THE TRIANGLE OF INFLUENCE: Part 2
- 1 day ago
- 2 min read
Updated: 9 hours ago
Player. Coach. Parent
Part 2 of 6-Part Series
Part Two: The Minor Hockey Years (Ages 5–13)
What This Stage Is Really About

Minor hockey exists for one primary purpose that too many adults forget: it should be joyful.
Research in youth sport development consistently points to fun and belonging as the leading drivers of long-term athletic participation. kids who fall in love with the game at this stage are the ones who are still playing — and improving — at 16, 18, and beyond.
The pressure to identify talent, to win championships, to play AAA at age nine — this is an adult anxiety being placed onto children's shoulders.
Most player assessments before age 12 tell us very little about long-term potential and a great deal about which kids were born in the fall.
The Coach's Role: Safety, Belonging, Fundamentals
Constructive Contributions
Creates an environment where every player feels seen and valued, regardless of current skill level
Teaches the fundamentals of skating, puck handling, and positioning without overloading young minds
Uses encouragement-based feedback: "Good effort — next time try keeping your head up through the middle"

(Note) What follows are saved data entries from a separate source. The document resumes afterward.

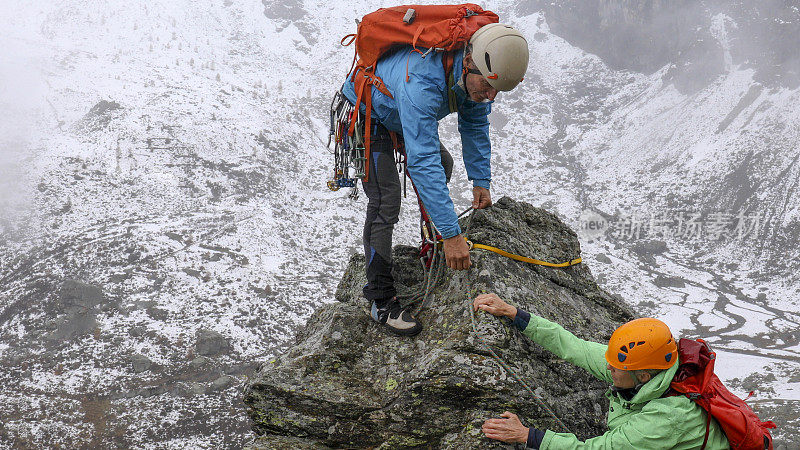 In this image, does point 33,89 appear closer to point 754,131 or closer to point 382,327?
point 382,327

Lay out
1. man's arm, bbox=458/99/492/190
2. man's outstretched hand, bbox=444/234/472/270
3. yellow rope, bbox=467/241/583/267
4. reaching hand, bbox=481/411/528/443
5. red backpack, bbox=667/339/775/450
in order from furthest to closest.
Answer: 1. man's arm, bbox=458/99/492/190
2. yellow rope, bbox=467/241/583/267
3. man's outstretched hand, bbox=444/234/472/270
4. reaching hand, bbox=481/411/528/443
5. red backpack, bbox=667/339/775/450

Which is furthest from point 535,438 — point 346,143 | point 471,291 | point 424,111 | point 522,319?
point 346,143

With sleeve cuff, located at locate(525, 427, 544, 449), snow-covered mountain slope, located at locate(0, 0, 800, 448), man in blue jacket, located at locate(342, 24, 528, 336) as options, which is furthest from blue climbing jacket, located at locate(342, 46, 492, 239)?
snow-covered mountain slope, located at locate(0, 0, 800, 448)

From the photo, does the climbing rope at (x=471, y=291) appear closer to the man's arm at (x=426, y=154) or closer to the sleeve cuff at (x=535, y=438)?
the sleeve cuff at (x=535, y=438)

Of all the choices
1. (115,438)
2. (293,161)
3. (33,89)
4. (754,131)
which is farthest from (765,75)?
(33,89)

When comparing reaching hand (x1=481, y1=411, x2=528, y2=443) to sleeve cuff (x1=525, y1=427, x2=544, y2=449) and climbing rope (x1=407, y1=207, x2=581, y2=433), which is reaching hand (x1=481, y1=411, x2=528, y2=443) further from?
climbing rope (x1=407, y1=207, x2=581, y2=433)

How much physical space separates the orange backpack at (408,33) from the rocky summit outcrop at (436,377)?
5.10 ft

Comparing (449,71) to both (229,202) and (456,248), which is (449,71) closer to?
(456,248)

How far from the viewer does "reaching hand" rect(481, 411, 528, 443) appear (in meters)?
3.51

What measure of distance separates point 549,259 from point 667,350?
8.53ft

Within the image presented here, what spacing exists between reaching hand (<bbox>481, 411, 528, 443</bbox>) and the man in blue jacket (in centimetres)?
124

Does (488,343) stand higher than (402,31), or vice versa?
(402,31)

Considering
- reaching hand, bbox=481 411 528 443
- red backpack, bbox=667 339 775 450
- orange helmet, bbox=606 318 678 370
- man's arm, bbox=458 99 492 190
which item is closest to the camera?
red backpack, bbox=667 339 775 450

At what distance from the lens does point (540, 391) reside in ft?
13.0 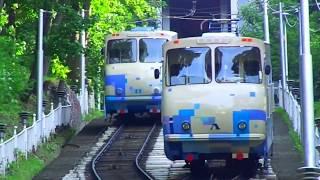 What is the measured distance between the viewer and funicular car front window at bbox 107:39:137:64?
35.3m

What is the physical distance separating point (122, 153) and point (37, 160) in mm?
3815

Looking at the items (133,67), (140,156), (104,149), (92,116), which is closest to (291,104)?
(133,67)

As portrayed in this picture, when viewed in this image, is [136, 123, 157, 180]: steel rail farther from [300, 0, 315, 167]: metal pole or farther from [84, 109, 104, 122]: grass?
[300, 0, 315, 167]: metal pole

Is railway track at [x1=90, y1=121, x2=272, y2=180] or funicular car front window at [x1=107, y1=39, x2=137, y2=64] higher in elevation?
funicular car front window at [x1=107, y1=39, x2=137, y2=64]

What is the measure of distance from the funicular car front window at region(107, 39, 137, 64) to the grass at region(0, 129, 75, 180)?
11.8ft

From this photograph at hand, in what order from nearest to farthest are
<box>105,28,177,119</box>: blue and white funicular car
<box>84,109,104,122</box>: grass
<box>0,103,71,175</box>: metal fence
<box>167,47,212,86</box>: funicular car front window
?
<box>167,47,212,86</box>: funicular car front window < <box>0,103,71,175</box>: metal fence < <box>105,28,177,119</box>: blue and white funicular car < <box>84,109,104,122</box>: grass

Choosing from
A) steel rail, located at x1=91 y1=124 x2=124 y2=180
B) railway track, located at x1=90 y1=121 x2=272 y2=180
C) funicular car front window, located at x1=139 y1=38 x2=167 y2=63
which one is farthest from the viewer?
funicular car front window, located at x1=139 y1=38 x2=167 y2=63

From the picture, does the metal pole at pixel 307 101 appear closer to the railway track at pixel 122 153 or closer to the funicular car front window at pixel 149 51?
the railway track at pixel 122 153

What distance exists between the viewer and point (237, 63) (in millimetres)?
21547

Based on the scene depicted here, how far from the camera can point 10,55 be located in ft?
90.1

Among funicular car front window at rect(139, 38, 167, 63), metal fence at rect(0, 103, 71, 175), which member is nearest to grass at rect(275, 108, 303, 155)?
funicular car front window at rect(139, 38, 167, 63)

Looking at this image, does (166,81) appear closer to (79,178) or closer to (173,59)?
(173,59)

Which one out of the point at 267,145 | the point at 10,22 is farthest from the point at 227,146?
the point at 10,22

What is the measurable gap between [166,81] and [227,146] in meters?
2.15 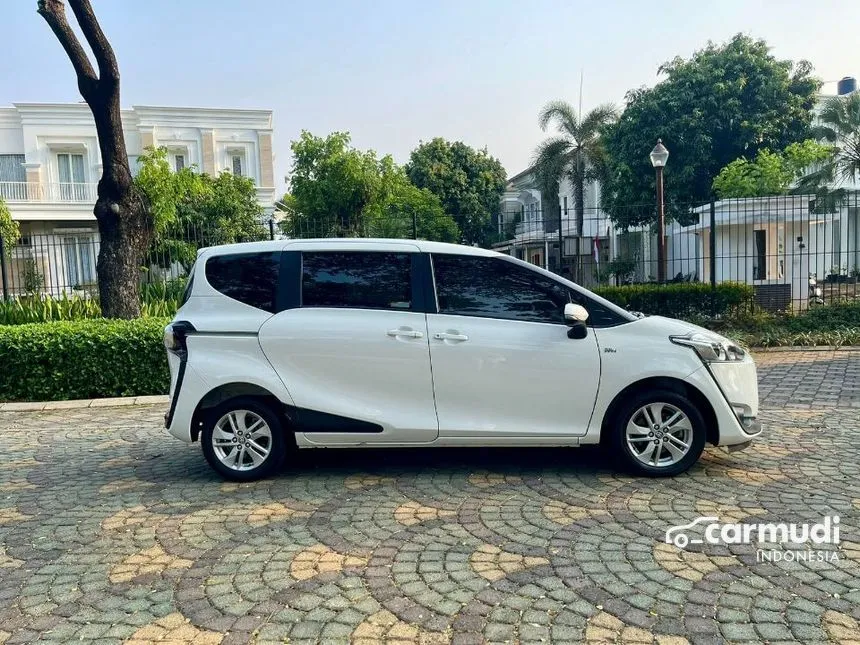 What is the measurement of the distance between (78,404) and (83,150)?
2585cm

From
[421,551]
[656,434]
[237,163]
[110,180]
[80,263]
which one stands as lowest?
[421,551]

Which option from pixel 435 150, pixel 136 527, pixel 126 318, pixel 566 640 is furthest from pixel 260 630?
pixel 435 150

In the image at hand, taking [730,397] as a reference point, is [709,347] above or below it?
above

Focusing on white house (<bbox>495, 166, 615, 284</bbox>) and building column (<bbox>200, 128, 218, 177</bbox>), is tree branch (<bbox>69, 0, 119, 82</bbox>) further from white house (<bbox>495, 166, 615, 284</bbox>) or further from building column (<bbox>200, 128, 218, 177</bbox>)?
building column (<bbox>200, 128, 218, 177</bbox>)

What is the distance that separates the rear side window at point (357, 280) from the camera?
507 centimetres

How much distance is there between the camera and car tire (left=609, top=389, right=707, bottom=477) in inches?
193

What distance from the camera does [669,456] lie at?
4.98 m

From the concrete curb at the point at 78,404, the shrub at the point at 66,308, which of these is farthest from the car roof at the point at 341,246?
the shrub at the point at 66,308

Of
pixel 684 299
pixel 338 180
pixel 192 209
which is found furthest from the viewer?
pixel 338 180

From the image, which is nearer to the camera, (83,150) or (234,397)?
(234,397)

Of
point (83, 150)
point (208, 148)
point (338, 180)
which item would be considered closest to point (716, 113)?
point (338, 180)

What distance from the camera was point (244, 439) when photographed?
511 cm

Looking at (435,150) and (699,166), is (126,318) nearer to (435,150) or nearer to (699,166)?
(699,166)

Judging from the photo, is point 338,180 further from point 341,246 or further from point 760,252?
point 341,246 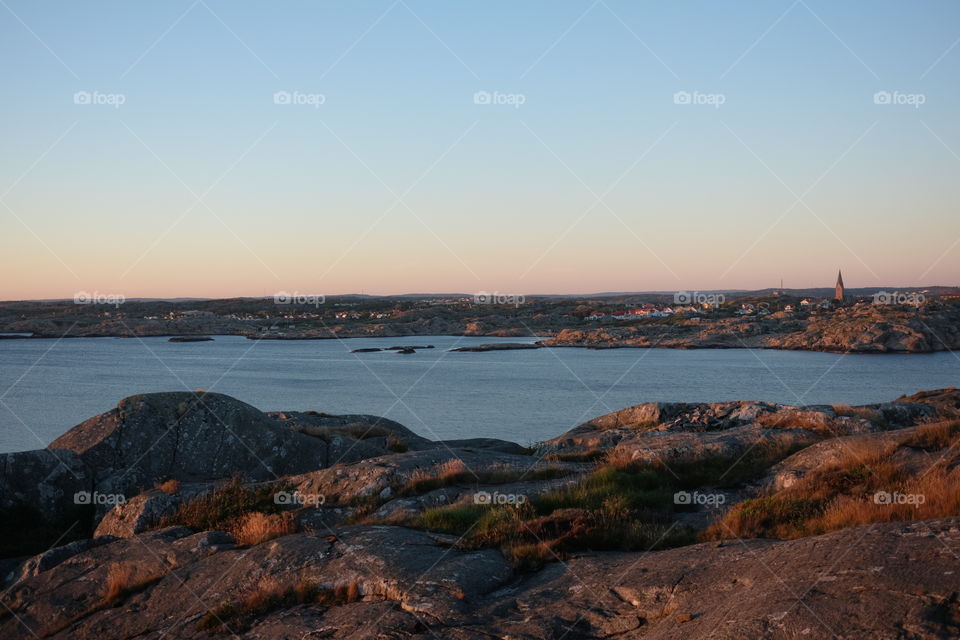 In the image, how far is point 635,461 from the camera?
12.9 m

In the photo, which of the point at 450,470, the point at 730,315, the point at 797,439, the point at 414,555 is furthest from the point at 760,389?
the point at 730,315

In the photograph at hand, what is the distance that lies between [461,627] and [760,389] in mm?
56939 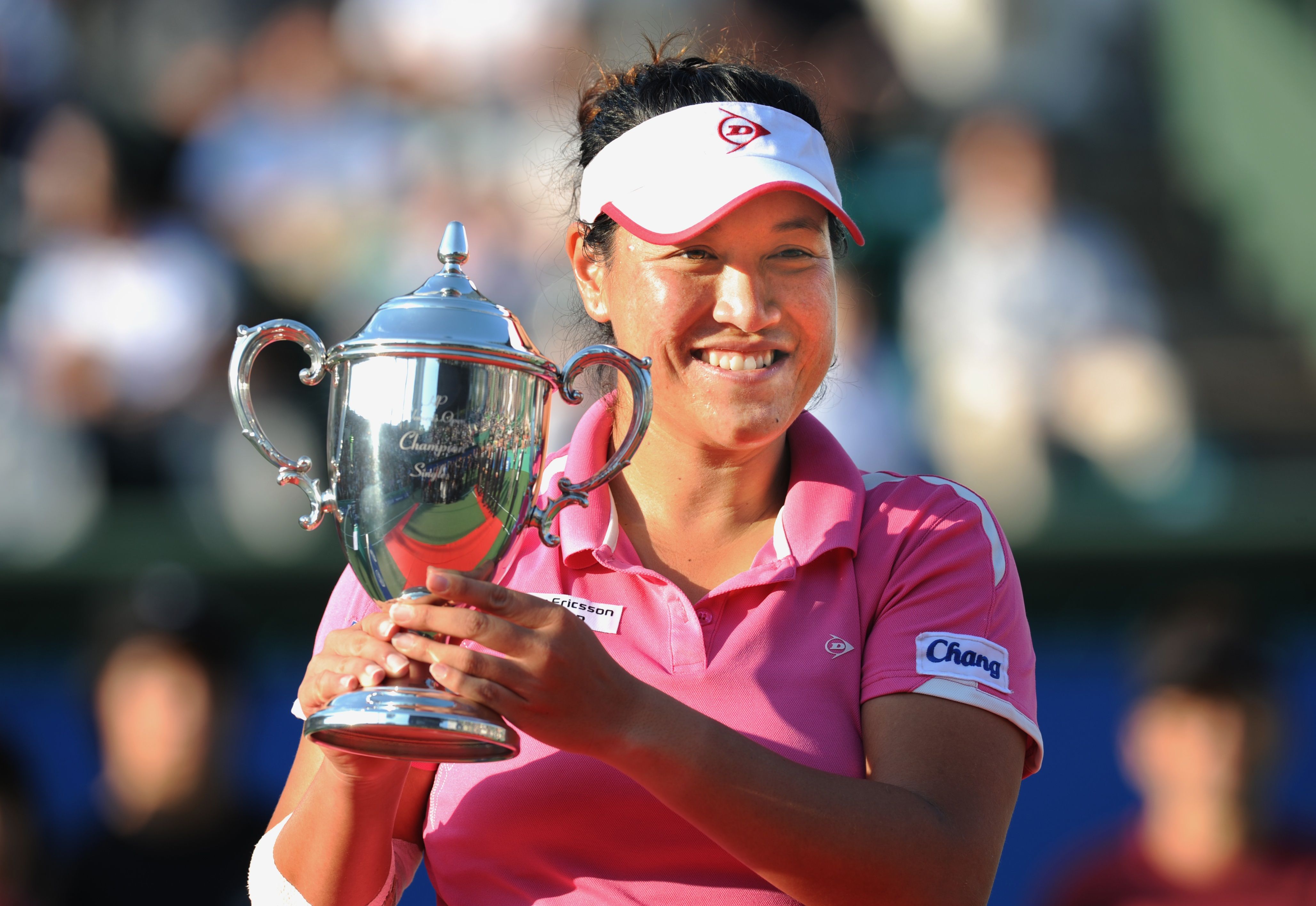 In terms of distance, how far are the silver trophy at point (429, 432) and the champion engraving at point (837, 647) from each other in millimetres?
322

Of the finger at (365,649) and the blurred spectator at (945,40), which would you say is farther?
the blurred spectator at (945,40)

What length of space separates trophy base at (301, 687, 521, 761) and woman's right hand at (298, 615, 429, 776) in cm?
1

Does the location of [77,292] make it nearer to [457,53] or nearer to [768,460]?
[457,53]

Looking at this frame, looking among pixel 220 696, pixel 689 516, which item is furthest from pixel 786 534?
pixel 220 696

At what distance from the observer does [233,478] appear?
203 inches

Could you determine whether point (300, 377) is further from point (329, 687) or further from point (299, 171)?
point (299, 171)

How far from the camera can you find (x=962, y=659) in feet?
5.70

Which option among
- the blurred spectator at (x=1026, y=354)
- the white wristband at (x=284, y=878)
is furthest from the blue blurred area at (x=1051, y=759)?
the white wristband at (x=284, y=878)

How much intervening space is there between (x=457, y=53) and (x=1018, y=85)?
2256 mm

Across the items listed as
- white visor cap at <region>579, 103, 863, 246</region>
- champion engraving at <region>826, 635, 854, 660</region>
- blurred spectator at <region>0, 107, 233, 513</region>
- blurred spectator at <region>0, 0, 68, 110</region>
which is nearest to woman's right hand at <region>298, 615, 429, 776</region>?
champion engraving at <region>826, 635, 854, 660</region>

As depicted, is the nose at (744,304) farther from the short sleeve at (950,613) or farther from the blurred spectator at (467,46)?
the blurred spectator at (467,46)

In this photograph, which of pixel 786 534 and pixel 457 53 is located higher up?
pixel 457 53

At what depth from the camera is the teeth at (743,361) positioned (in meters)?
1.86

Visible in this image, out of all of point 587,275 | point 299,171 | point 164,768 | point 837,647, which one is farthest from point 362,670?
point 299,171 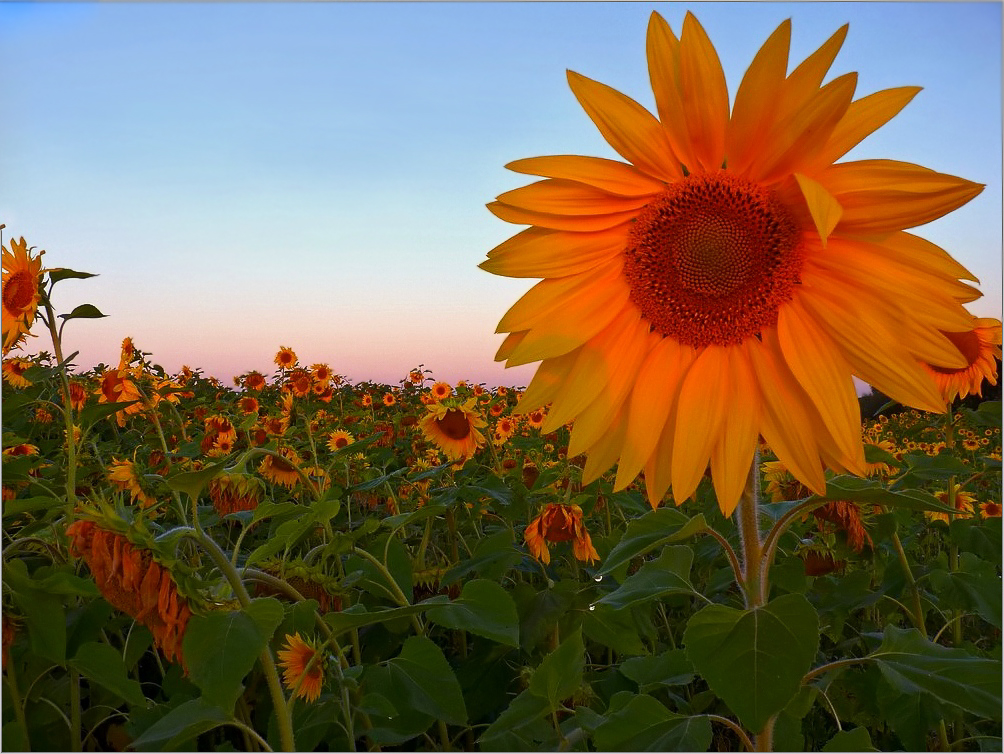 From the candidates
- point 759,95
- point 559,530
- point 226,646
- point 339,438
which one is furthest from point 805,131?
point 339,438

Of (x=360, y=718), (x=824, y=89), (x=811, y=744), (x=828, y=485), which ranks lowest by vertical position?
(x=811, y=744)

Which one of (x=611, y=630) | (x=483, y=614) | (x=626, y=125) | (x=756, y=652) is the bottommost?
(x=611, y=630)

Models emotional regulation: stays calm after goals against, celebrates effort as much as outcome
Gives every player meaningful ice time and avoids early specialization
Destructive Patterns to Avoid
Benching younger players as punishment, creating shame instead of learning
Overcoaching — too many instructions kill instinct and joy
Showing clear favourites, which fractures team chemistry and harms developing players
Treating every game as high-stakes when the real learning happens in practice
Communicating differently to parents behind closed doors than to players on the ice
The Parent's Role: Enthusiastic Supporter
Constructive Contributions
Shows up and cheers — for every player on the team, not just their own
Keeps the drive home positive: two positives and one question ("What was your favourite part today?")
Handles logistics without burdening the child with the cost or inconvenience
Lets the coach coach — resists the urge to give technical instruction after practices
Creates a home environment where hockey is one of many rich activities, not the family's entire identity
Destructive Patterns to Avoid
Yelling instructions from the stands, which splits the child's attention and increases anxiety
Post-game debriefs that function as interrogations or critiques
Comparing their child to teammates or other players
Living vicariously — projecting their own unmet athletic dreams onto the child
Undermining the coach's authority, even if they disagree with a decision
The Player's Experience: Just Let Them Play
At this stage, the player's job is simply to play. They should not be managing adult dynamics. The healthiest young players are those who trust their coach, feel safe with their parents, and show up to the rink because they love being there.
Best Practice: The five-minute rule. For the first five minutes after a game, parents say nothing about the game. Let the player lead. Most of the time, they want to talk about the ice cream stop afterward, not their two-on-one in the second period.